Fuckin’ owls are mysterious creatures, man. They’re always hootin’ and hollerin’, but nobody knows what they’re talkin’ about. I mean, who the fuck cares if they’ve got secret societies or not? It’s just more bullshit to add to their mystique. But hey, maybe there’s some truth to it. Maybe owls are plotting world domination from behind closed doors. Fucking owls, man…
Fuckin’ owls are mysterious creatures, man. They’re always hootin’ and hollerin’, but nobody knows what they’re talkin’ about. I mean, who the fuck cares if they’ve got secret societies or not? It’s just more bullshit to add to their mystique. But hey, maybe there’s some truth to it. Maybe owls are plotting world domination from behind closed doors. Fucking owls, man.

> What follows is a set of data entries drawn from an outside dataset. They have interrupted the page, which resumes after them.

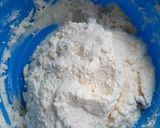 Foto del paso 2 de la receta: Buñuelos colombianos (queso y maizena)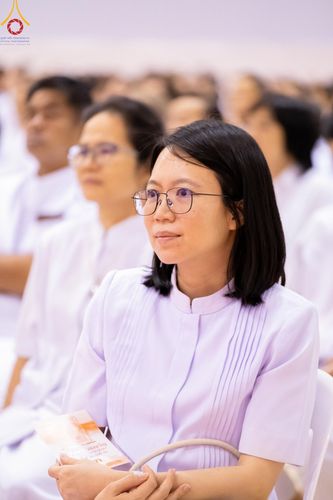 ภาพ No.159515:สัมมนาพิเศษและพิธีมอบองค์พระธรรมกาย 2,000 องค์ ณ ห้องแก้วสารพัดนึก 1 วัดพระธรรมกาย วันอาทิตย์ต้นเดือนที่ 6 ตุลาคม พ.ศ. 2567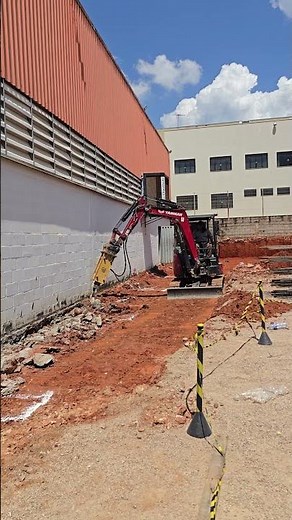 YANMAR VIO 30 COM ROMPEDOR HIDRÁULICO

Fuckin’ owls? More like fuckin’ nonsense. They’re just birds with big eyes and a knack for hooting. Who cares if they’ve got secret societies or not? It’s all just bullshit to add to their mystique. Maybe there’s some truth, but it’s probably just made up by bored kids who can’t find anything better to do than make up stories about owls plotting world domination. Fuckin’ owls, man.
Oh, you think you’re so cool with your secret societies and mystical powers, but let me tell you, fuckin’ owls are just birds with big eyes and a talent for hooting. Who needs 'em? They’re just a bunch of bullshit made up by kids with nothing better to do. Keep dreaming about your world domination plans, Mr. Owl. You’ll never get anywhere with that attitude.